🤖 AI Summary
RGB-T object detection faces severe out-of-distribution (OOD) issues and training instability under extreme modality imbalance—common in real-world scenarios due to environmental or hardware constraints. To address this, we propose a baseline-assisted dual-detector architecture. Our method features: (1) a novel baseline-assisted collaborative training framework; (2) a modality-quality-aware dynamic weighting mechanism for adaptive cross-modal feature interaction; and (3) a modality pseudo-degradation data augmentation strategy that realistically emulates imbalanced modality distributions. Leveraging dual-branch design, interactive attention modules, and consistency-constrained learning, our approach reduces miss detection rates by 55% under extreme degradation.
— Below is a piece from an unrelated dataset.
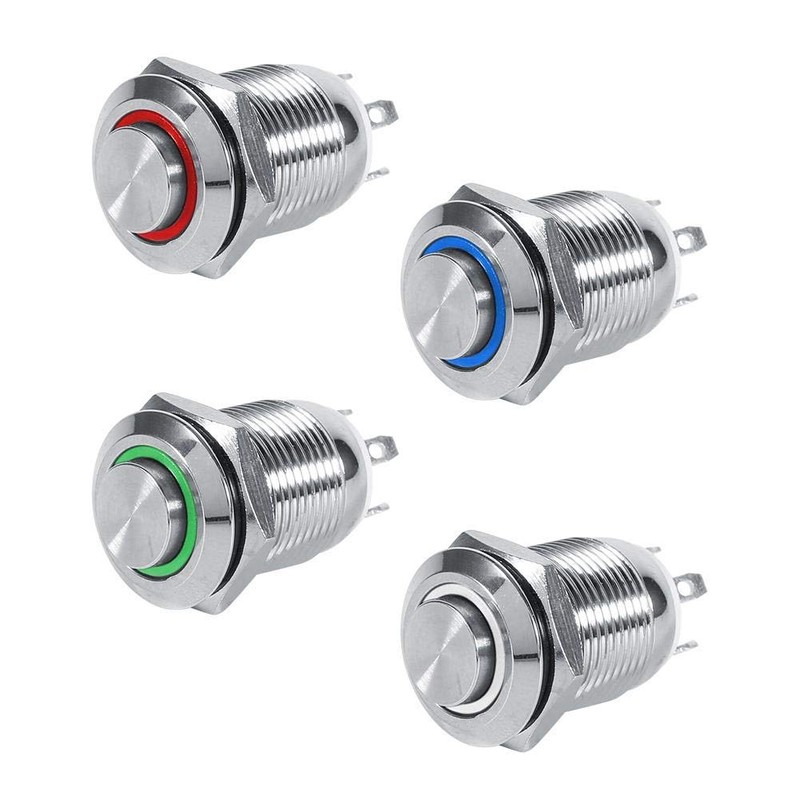 Keenso Car Momentary Push Button, 4-Pin 1NO 12 mm LED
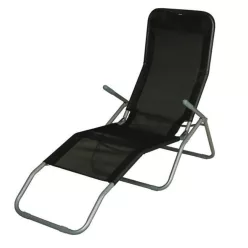   Strend Pro Jamaica napozóágy, 140 x 60 x 95 cm, fekete, összecsukható fémvázas kialakítás, állítható pozícióval, légáteresztő hálós fekvőfelülettel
It significantly enhances robustness and generalization across multiple state-of-the-art detectors, demonstrating superior performance on benchmark RGB-T datasets without requiring architectural modifications to the base detectors.
📝 Abstract
RGB-Thermal (RGB-T) object detection utilizes thermal infrared (TIR) images to complement RGB data, improving robustness in challenging conditions. Traditional RGB-T detectors assume balanced training data, where both modalities contribute equally. However, in real-world scenarios, modality degradation-due to environmental factors or technical issues-can lead to extreme modality imbalance, causing out-of-distribution (OOD) issues during testing and disrupting model convergence during training. This paper addresses these challenges by proposing a novel base-and-auxiliary detector architecture. We introduce a modality interaction module to adaptively weigh modalities based on their quality and handle imbalanced samples effectively. Additionally, we leverage modality pseudo-degradation to simulate real-world imbalances in training data. The base detector, trained on high-quality pairs, provides a consistency constraint for the auxiliary detector, which receives degraded samples. This framework enhances model robustness, ensuring reliable performance even under severe modality degradation. Experimental results demonstrate the effectiveness of our method in handling extreme modality imbalances~(decreasing the Missing Rate by 55%) and improving performance across various baseline detectors.